New Delhi, Jan 31 (IANS) If somebody discusses bribing a public servant – is that a private conversation, the Supreme Court Tuesday asked industrialist Ratan Tata while the government said that the versions published in the media of the controversial conversations of corporate lobbyist Niira Radia did not match the original tapes.
The court was informed by the government in a report given in a sealed cover in the course of the hearing of a petition by industrialist Ratan Tata.
The Tata group chairman contended that though his phone was not tapped his privacy was violated because his conversations with Radia were recorded. He sought a probe into the leak of Radia’s tapped conversations.
The report was submitted by the home ministry on a notice by the apex court on Tata’s plea.
Radia’s telephones were put under surveillance after the ministry received a letter saying that in a short period of few years the corporate lobbyist amassed huge wealth and allegedly had foreign connections.
Going through the report, the apex court bench of Justice G.S. Singhvi and Justice S.J. Mukhopadhaya observed that the conversations might have been edited.
The report said that the starting and the end point of the conversation did not match with the original tapes available with the Income Tax authorities.

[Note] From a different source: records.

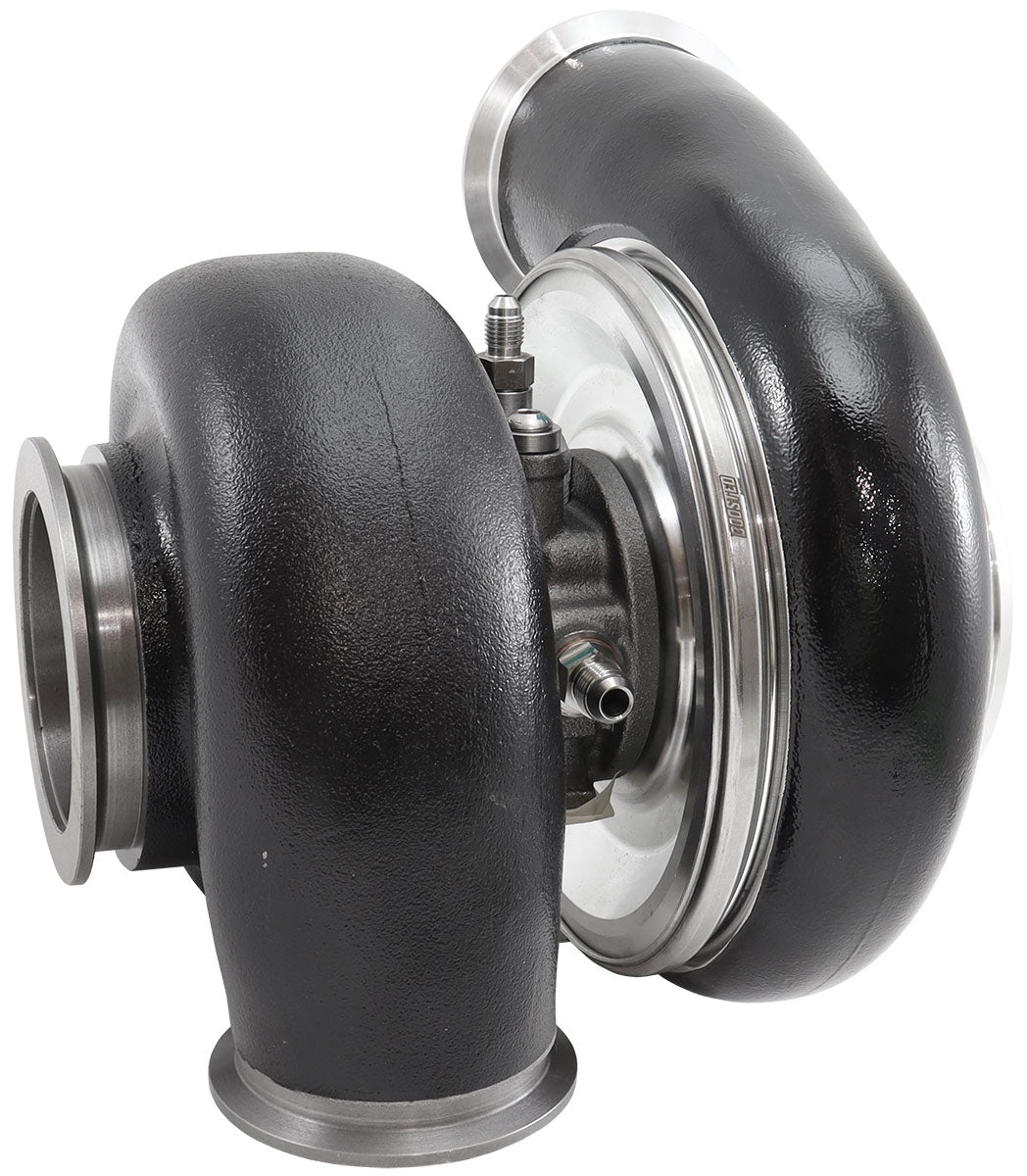 BOOSTED 8082 V-BAND 1.28 Turbocharger 1600HP, Hi Temp Black Finish   External Wastegate, V-Band Inlet Flange, V-Band Exhaust Flange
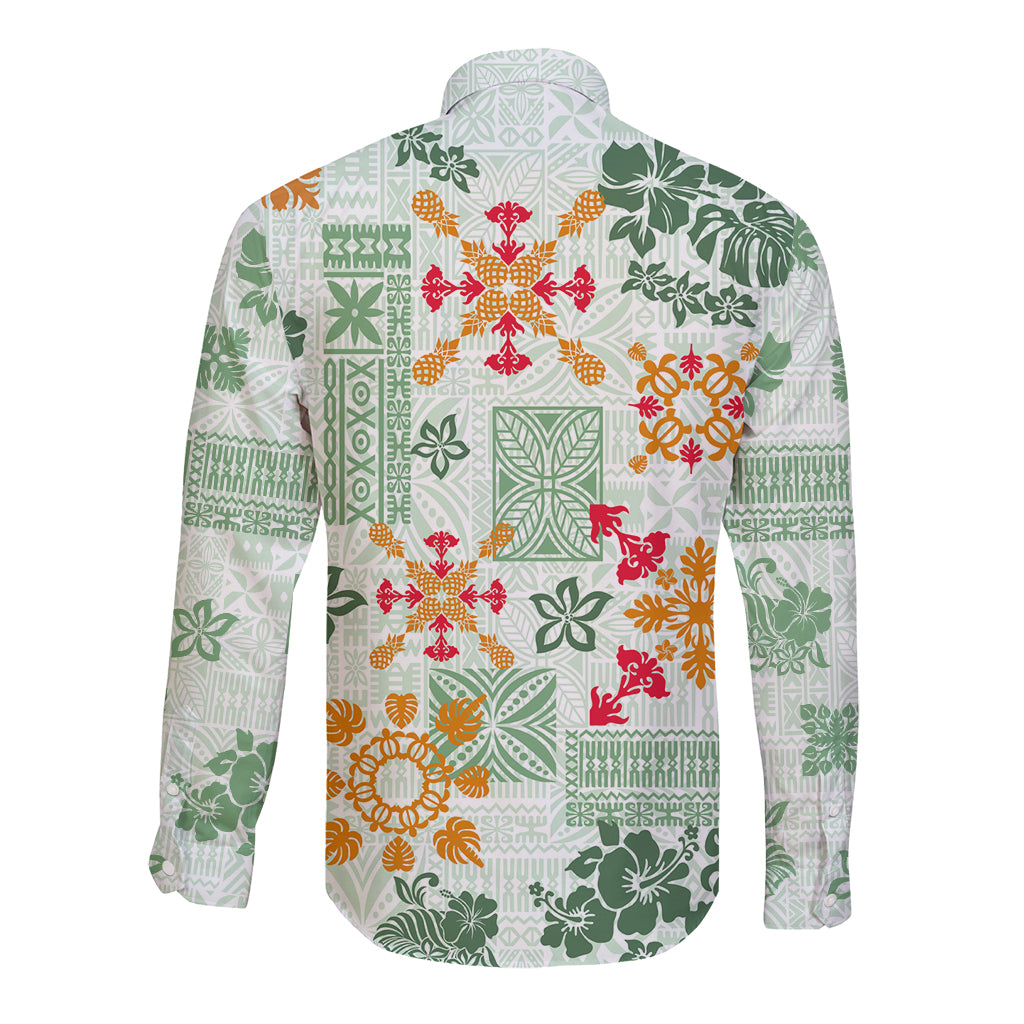 Hawaii Tapa Tribal Long Sleeve Button Shirt With Hawaiian Quilt Pattern Green - Wonder Print Shop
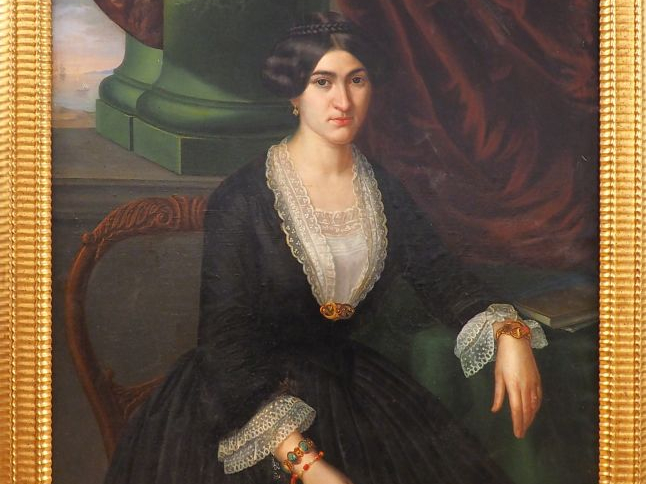 Jules JAMMES. "Portrait d'élégante à l'éventail". Huile sur toile, sig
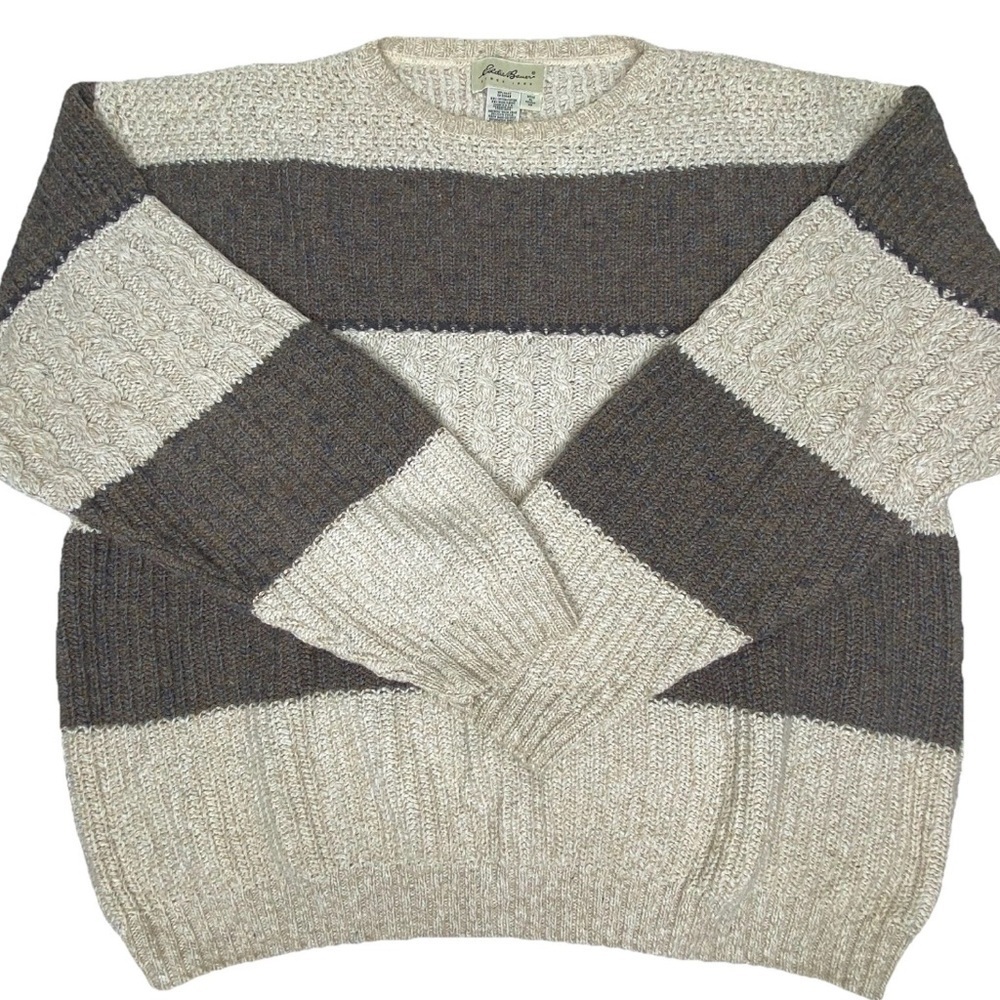 Vintage Eddie Bauer Cable Knit Wool Sweater Men's XL Made In USA Preppy Winter - Picture 1 of 5
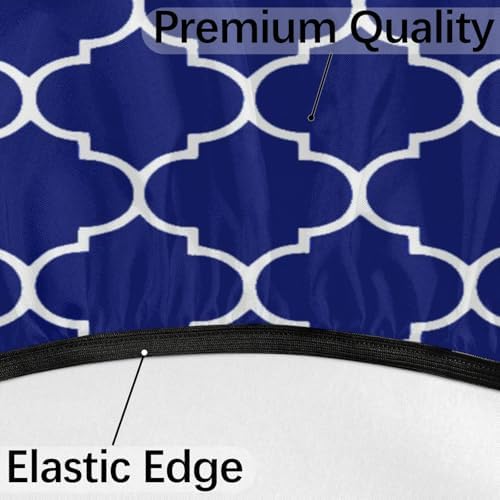 Fitted Round Tablecloth with Umbrella Hole and Zipper Navy Blue Outdoor Elastic Table Cloth 45"-56" Oil-Proof Waterproof Moroccan Patio Table Cover for Dining Picnic Party Camping - Image 4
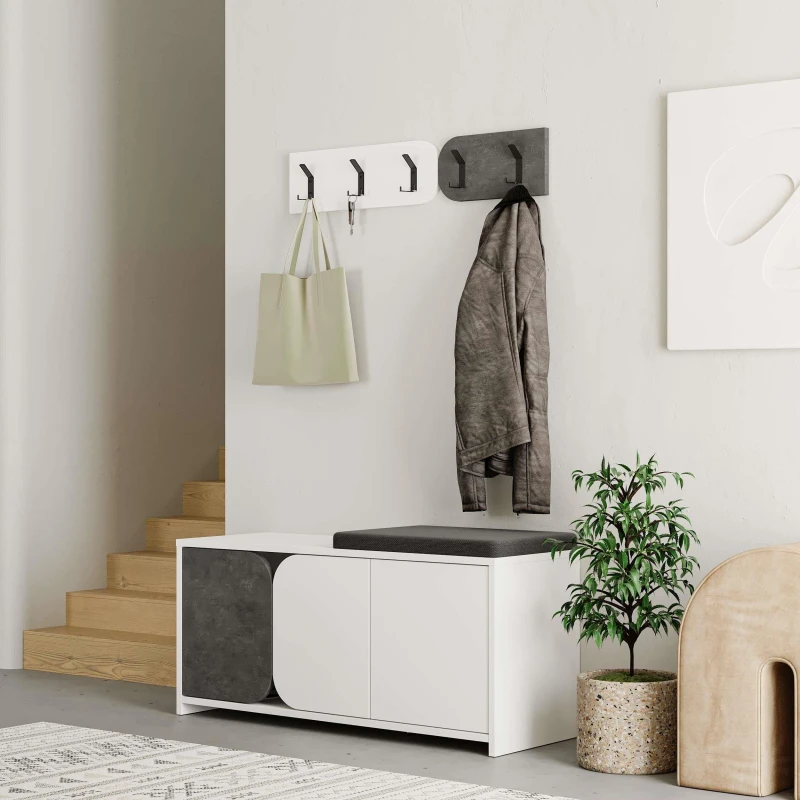 Image of Decortie Shoe Bench Storage With Wall-mounted Coat Rack Metal Hooks 37X104.9X52Cm Particleboard White, Retro Grey, Multi 8683628014066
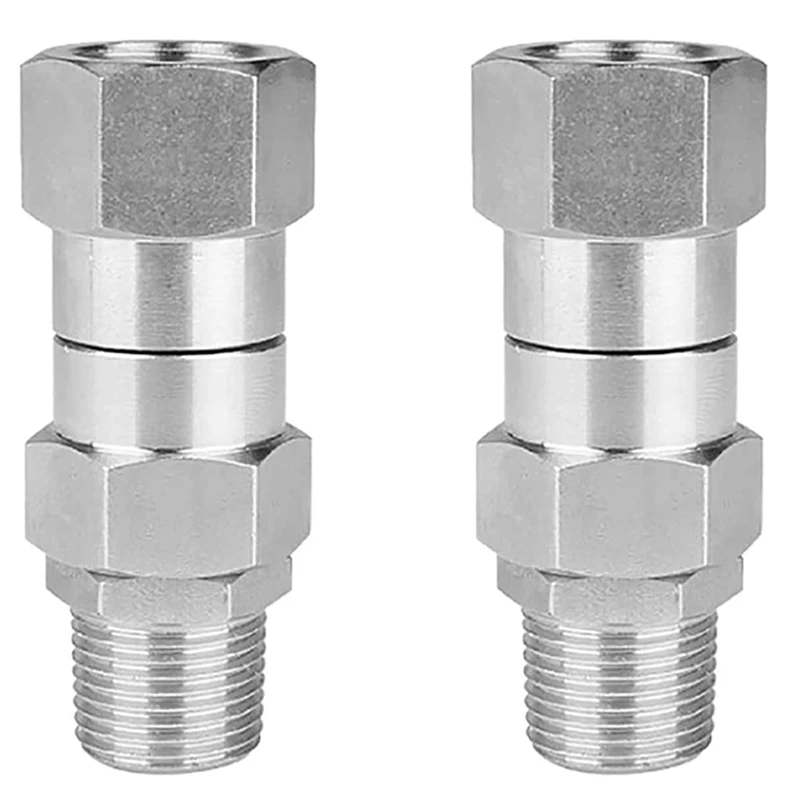 

2X Pressure Washer Swivel, 3/8 Inch NPT Male Thread Fitting, 4500 PSI, For Pressure Washer (Stainless Steel)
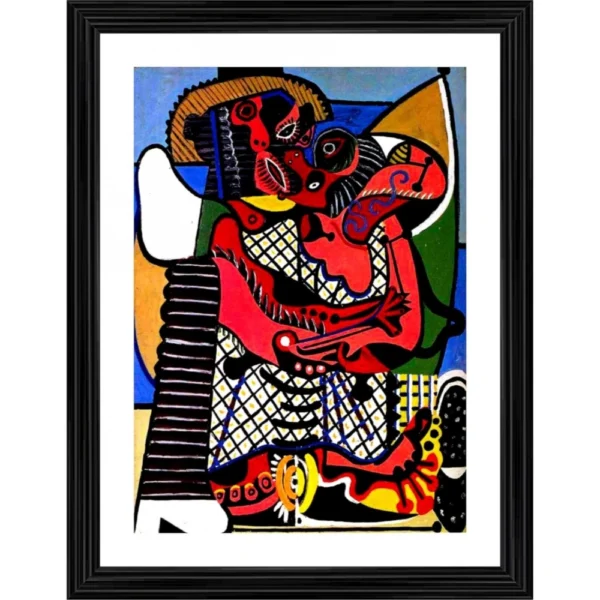 Generic Le Baiser The  1925 Painting With Wood Photo Frame (Multicolor)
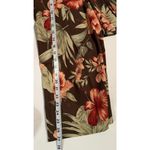 Tommy Bahama Ankle Pants Sz 14 Hawaiian Brown Floral Silk Tie Zip Vacation Boho Photo 9
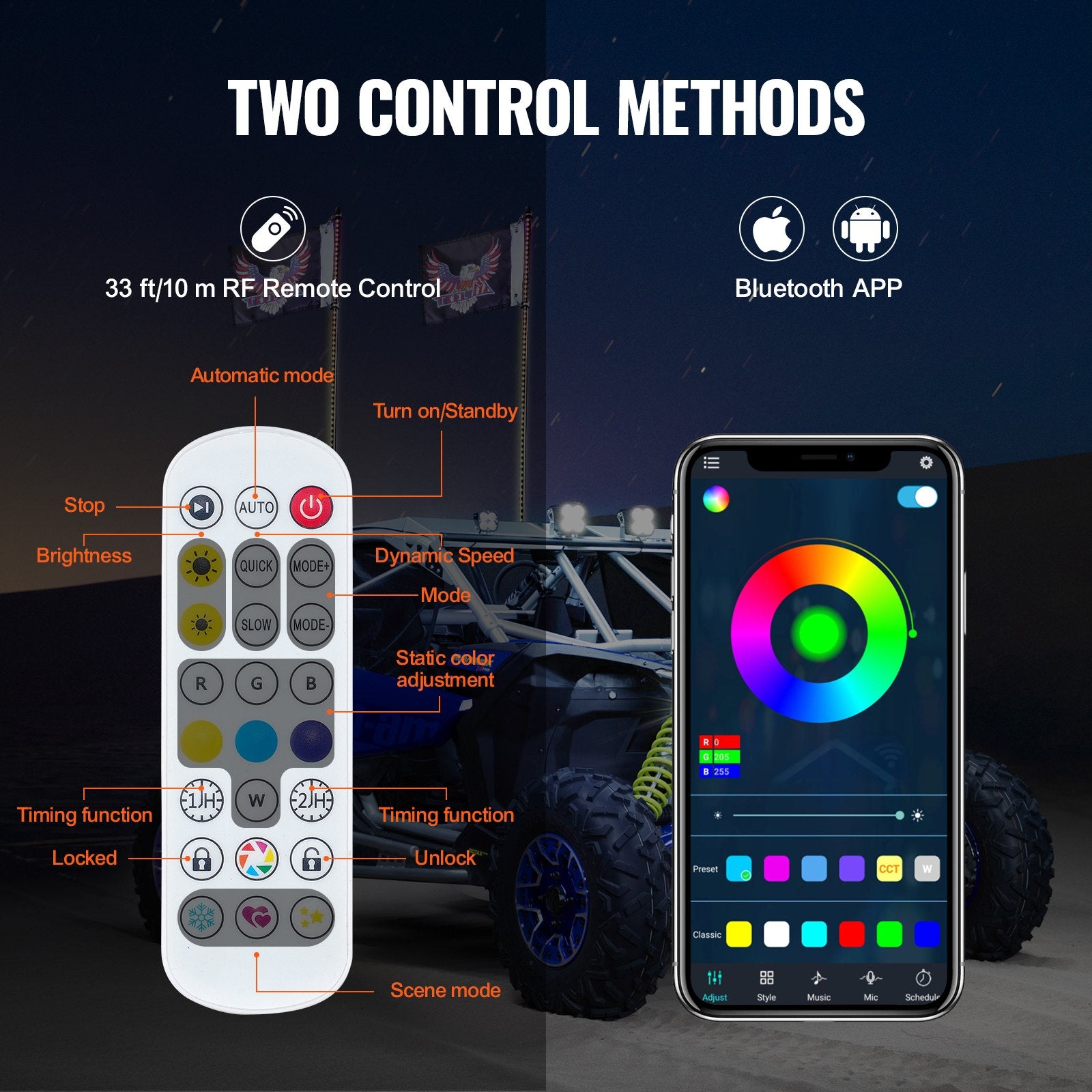 VEVOR 2 PCS 3 FT Whip Light, APP & RF Remote Control Led Whip Light, Waterproof RGB Chasing Lighted Whips with 4 Flags, for UTVs, ATVs, Motorcycles, RZR, Can-am, Trucks, Off-road, Go-karts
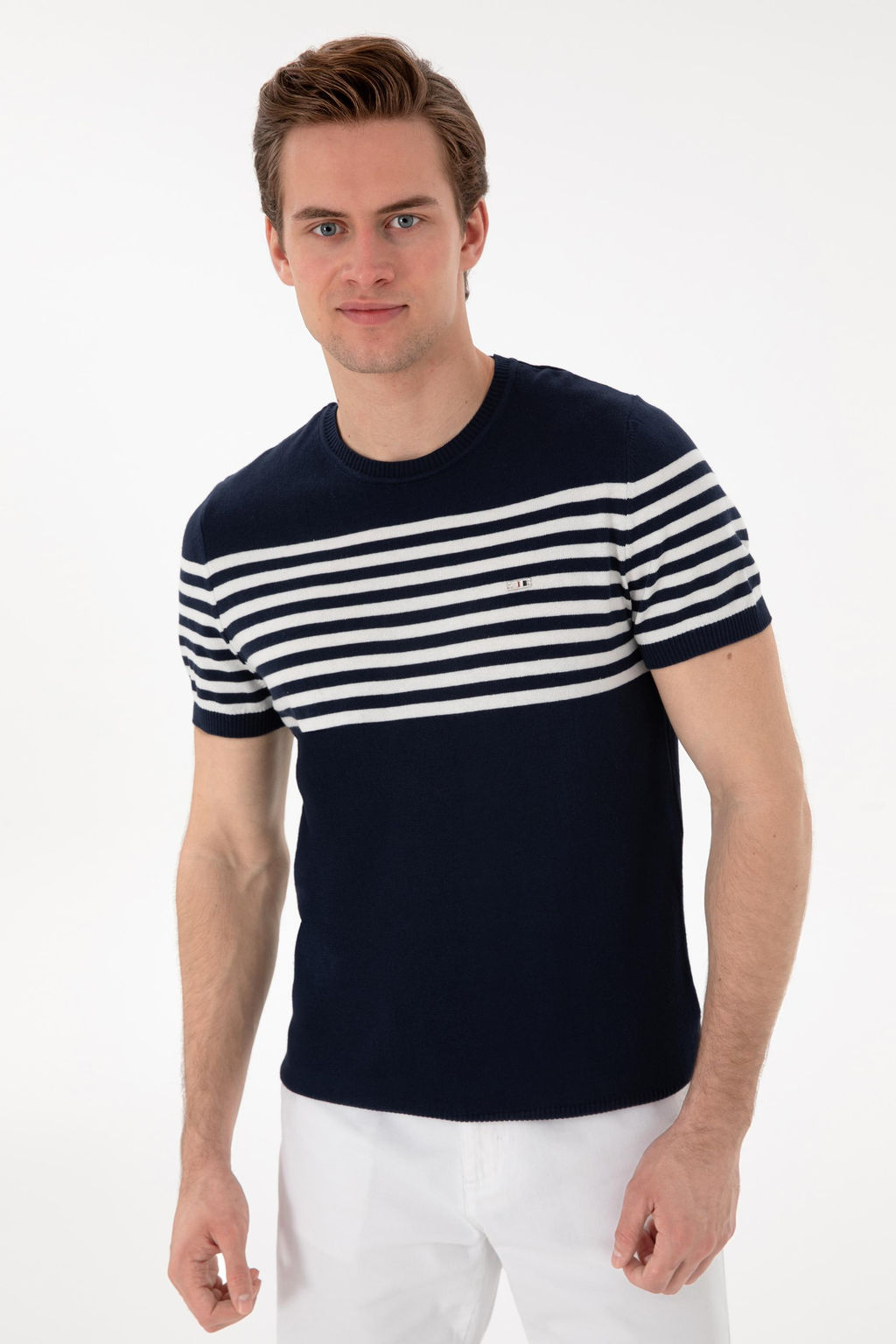 Erkek Slim Fit Bisiklet Yaka Lacivert Triko Ti__rt Sepette S_rpriz _ndirim - U.s. polo assn фото 3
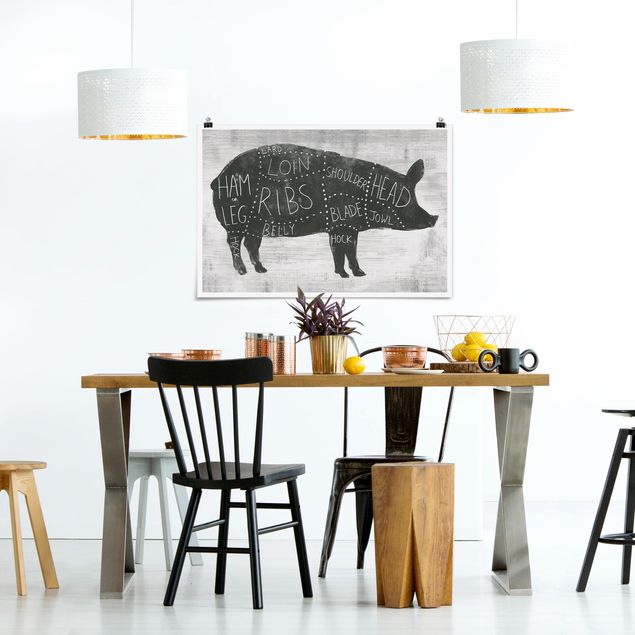 Tableaux moderne Planche de boucherie - Porc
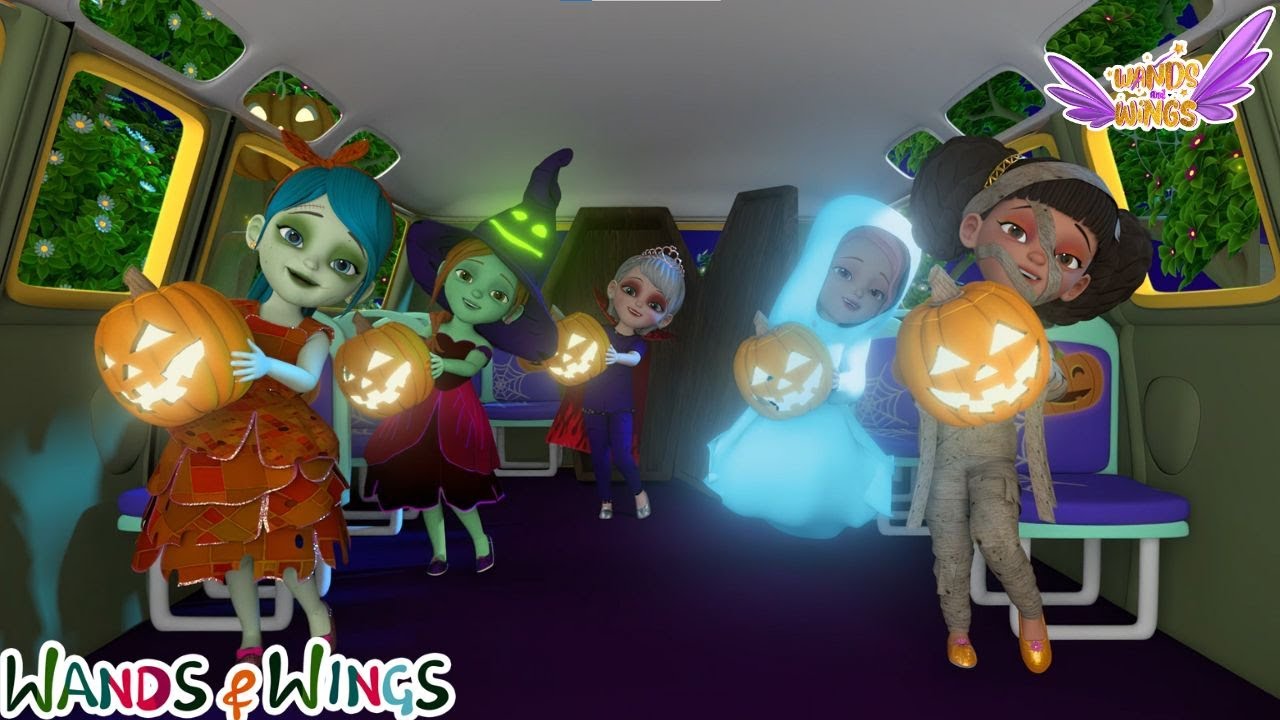 Roda Bus yang Menyeramkan 🎃| 👻 Zombi, Penyihir, Mumi & Putri + Lukis Wajahku | Tongkat dan Sayap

The report submitted by the union home ministry said there were discrepancies in the length of the tapes and the nature of the conversations. The government also denied that the taped conversations were leaked by any of its agencies.
The government said in the report that there were eight to 10 agencies, including telecom service providers, involved in the tapping of the telephonic conversations of Radia.
In the course of the hearing, the court asked senior counsel Mukul Rohtagi, appearing for Tata, to show from the taped conversations’ transcripts as to which part was private.
When Rohtagi said that all of them were private, the court asked him if somebody discusses bribing a public servant, is that also a private conversation.
The senior counsel reiterated that all telephonic conversation were private in nature.
The government has identified one service provider who was providing services in each of the case where tapes were leaked.